Ramis has often been credited with helping to cultivate Murray’s 1980s big-screen persona—the sardonic slacker-trickster who charms his way out of precarious situations. “I had Bill’s voice down,” he told GQ. “When people would read something I’d written for him, they’d say, ‘That is so perfectly Bill Murray.’ Of course, the irony is that he’d read it and say, ‘Bullshit, I can’t say this.’” In a 2009 interview with the Onion’s A.V. Club, Ramis likened his creative bond with Murray to an alliance between great powers: “I could help him be the best funny Bill Murray he could be, and I think he appreciated that then.”
In time, however, Murray may have come to resent Ramis’s outsize role in his career. “Bill owes everything to Harold,” a mutual friend, producer Michael Shamberg, told the New Yorker, “and he probably has a thimbleful of gratitude.” The rift between the two men came to a head on the set of Groundhog Day in 1992. Creative differences centered on Ramis’s rewrites to Danny Rubin’s screenplay, as well as Murray’s belief that Ramis was becoming too much of a “mogul,” led to a more or less permanent cold war between the two men that lasted until Ramis fell mortally ill with autoimmune inflammatory vasculitis in late 2013.
Over the last two decades of his life, Ramis made repeated efforts to patch things up with Murray. But except for brief exchanges at a wake and a bar mitzvah, the two men never spoke to each other. Ramis remained puzzled by his former friend’s refusal to engage. “I have no clue” why Murray cut him off, he once said. “And because it’s unstated, it sends me to my worst fears. Did he think I was weak? Or untrue? Did I betray him in some way? With no clue or feedback from him, it’s this kind of tantalizing mystery. And that may be the point.”

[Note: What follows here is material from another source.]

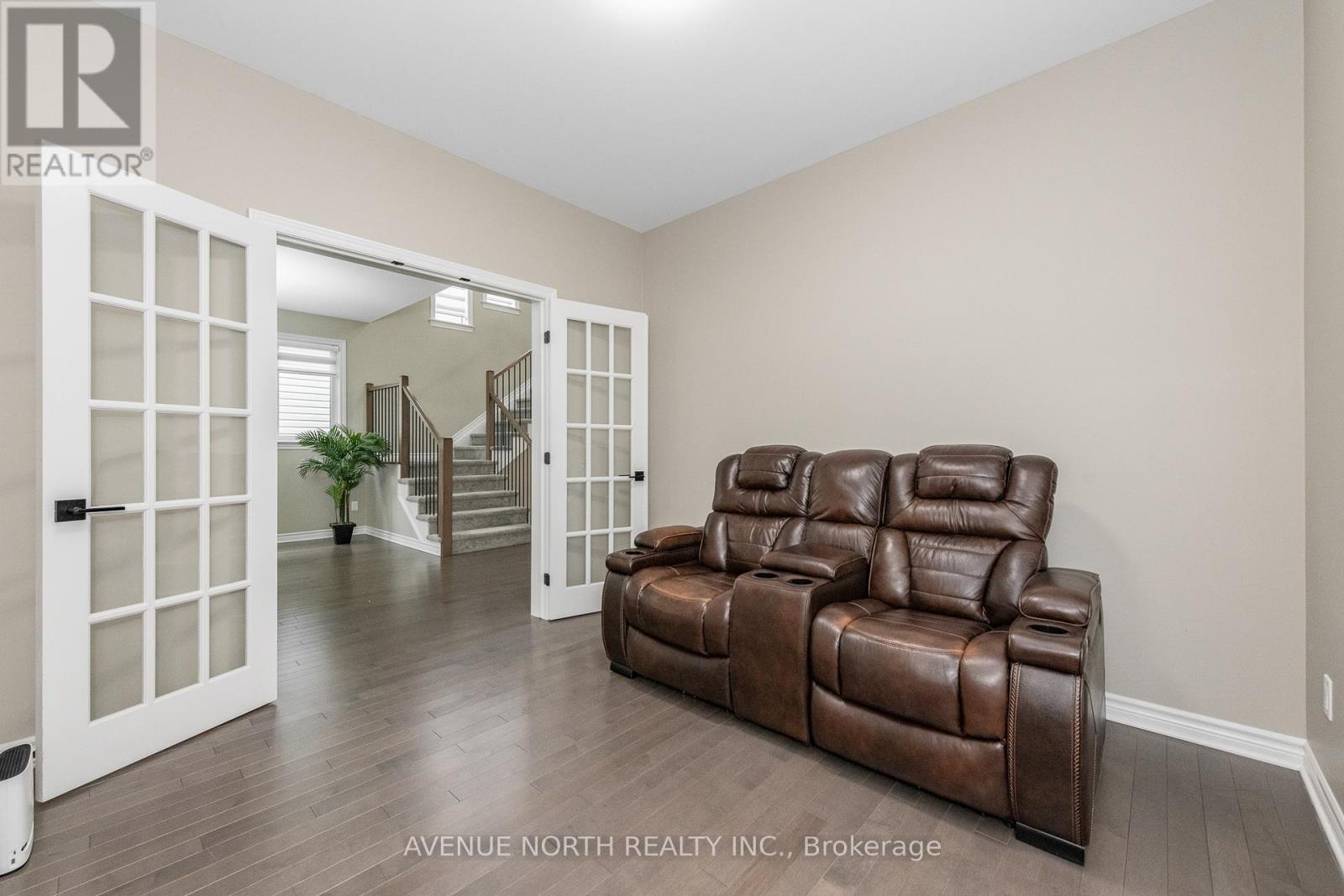 707 Moonflower Crescent, Ottawa, Ontario  K1T 0X8 - Photo 10 - X12973640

Only in Ramis’s final hours did Murray make the decision to reconcile with him. “He became ill and I thought, ‘Well, this is stupid,’” Murray told an interviewer for Grantland. Shortly before Ramis passed away, Murray visited him unexpectedly at his home in the Chicago suburbs to say goodbye. After his death, Murray issued a statement to the press through his lawyer, David Nochimson. It read in full: “Harold Ramis and I together did The National Lampoon Show off-Broadway, Meatballs, Stripes, Caddyshack, Ghostbusters, and Groundhog Day. He earned his keep on this planet. God bless him.”
Blue-eyed soul quartet of the 1960s, best known for their hits “Good Lovin’” and “Groovin’.” In 2010, Murray attended a reunion concert by the band, which he called “maybe the best thing I’ve ever seen.”
DIRECTED BY: John Byrum
WRITTEN BY: John Byrum and Bill Murray
RELEASE DATE: October 19, 1984
FILM RATING: **
MURRAY RATING: **
PLOT: A battle-scarred World War I veteran abandons his comfortable life in America to go on a vision quest through Paris and India.

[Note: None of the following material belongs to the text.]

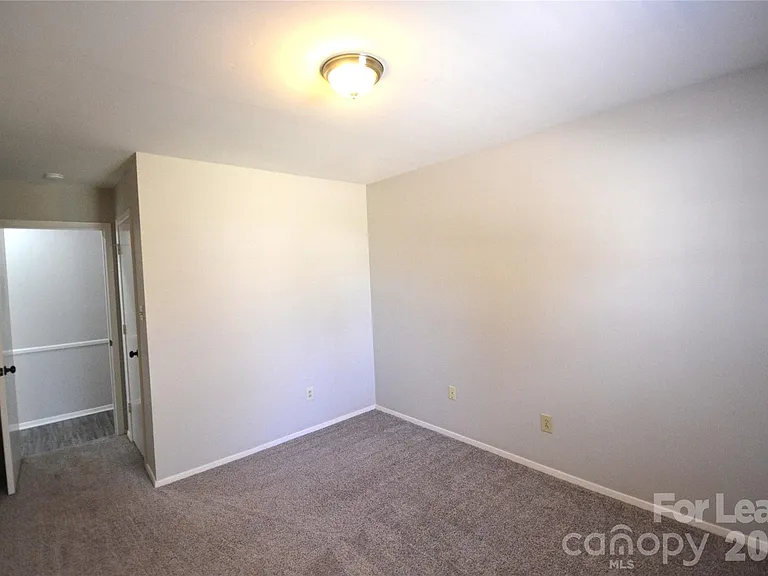 100 Old Farm Ct — Photo 23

STARRING BILL MURRAY AS: Larry Darrell, burned-out World War I ambulance driver
According to Hollywood legend, actor Tyrone Power was so transfixed by W. Somerset Maugham’s 1944 novel The Razor’s Edge that he pulled an audacious power play in order to get a movie version made. Burned out after years of cranking out Zorro movies, Power agreed to play the masked swordsman one last time if Twentieth Century Fox would let him star as Larry Darrell, Maugham’s idealistic hero, in a big-screen adaptation of the novel. The story is apocryphal—Power played Zorro only once, and that was in 1940—but it illustrates the powerful hold a prestige project like The Razor’s Edge can exert over a young star wary of being typecast. Nearly forty years after Larry Darrell breathed new life into Tyrone Power’s career, Bill Murray successfully maneuvered Columbia Pictures into giving him a crack at the role, one he hoped would establish him once and for all as a bankable dramatic actor.

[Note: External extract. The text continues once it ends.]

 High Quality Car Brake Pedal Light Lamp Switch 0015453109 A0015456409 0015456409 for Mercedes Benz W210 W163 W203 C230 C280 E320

In the early 1980s, Murray became friends with John Byrum, a young director who had grown up about a mile from Murray’s hometown. In March 1982, shortly after Murray’s wife gave birth to their first child, Byrum sent Murray a copy of The Razor’s Edge to keep him occupied during her recovery. After reading the first fifty pages, Murray had an epiphany: he was Maugham’s disillusioned seeker and he wanted to make the character his first great dramatic role. The next night, he called Byrum at four in the morning. “This is Larry, Larry Darrell,” Murray said when the director picked up the phone. The two friends began spitballing plans to bring The Razor’s Edge back to the screen.
Murray and Byrum spent the next year working on the script. At Murray’s suggestion, they set off on a Darrell-like road trip across America, writing up scenes in bars, bus stations, and restaurants they stopped in along the way. “We went to northern California ashrams and nudist colonies, visited strange religious cults with aerobic classes,” Byrum later told Film Journal. “We did a lot of our best writing in a car driving across Nebraska.”
Securing studio backing for the unusual venture proved surprisingly easy, once Murray realized he could leverage his participation in the new paranormal comedy that Dan Aykroyd was writing for him. “As soon as people heard about Ghostbusters, every studio wanted it,” Murray said. “But I still wanted to do The Razor’s Edge. Finally Dan said, ‘Tell whoever wants Ghostbusters that they have to take The Razor’s Edge, too.’ We didn’t have to tell them. They figured it out real quick. You didn’t have to be a rocket scientist to see what the deal was going to be. Finally the people at Columbia said, ‘We’re really nuts about that Razor’s Edge. Now about this other movie …’”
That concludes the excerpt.